Sebelumnya, Tri pernah menggugat untuk mencabut SK pemberhentiannya sebagai pegawai negeri sipil (PNS). Namun, gugatan tersebut gugur lantaran tidak sesuai prosedur.
“Keberatan pemberhentian seharusnya diajukan banding administratif kepada Badan Pertimbangan ASN melalui Badan Pertimbangan Pegawai bukan ke PTUN. Gugatan digugurkan dalam proses dismissal sebelum masuk persidangan,” kata Kepala Biro Hukum Setda Provinsi DKI Jakarta Yayan Yuhanah.

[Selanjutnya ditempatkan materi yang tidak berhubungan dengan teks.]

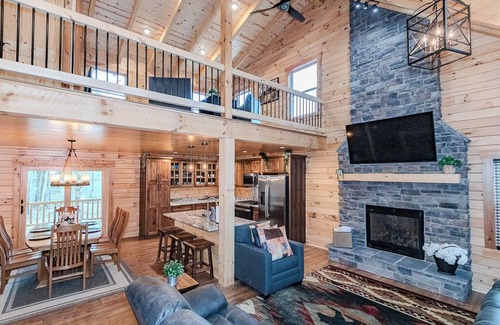 Austinburg Cabina | Peaceful 3BR Cabin Retreat w/Hot Tub-Near Wineries, Geneva-on-the-Lake & Spire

Dismissal adalah proses penelitian terhadap gugatan yang masuk di Pengadilan Tata Usaha Negara (PTUN) oleh ketua pengadilan. Dalam proses ini, ketua pengadilan melalui rapat permusyawaratan memutuskan dengan dilengkapi pertimbangan-pertimbangan bahwa gugatan yang diajukan tidak diterima.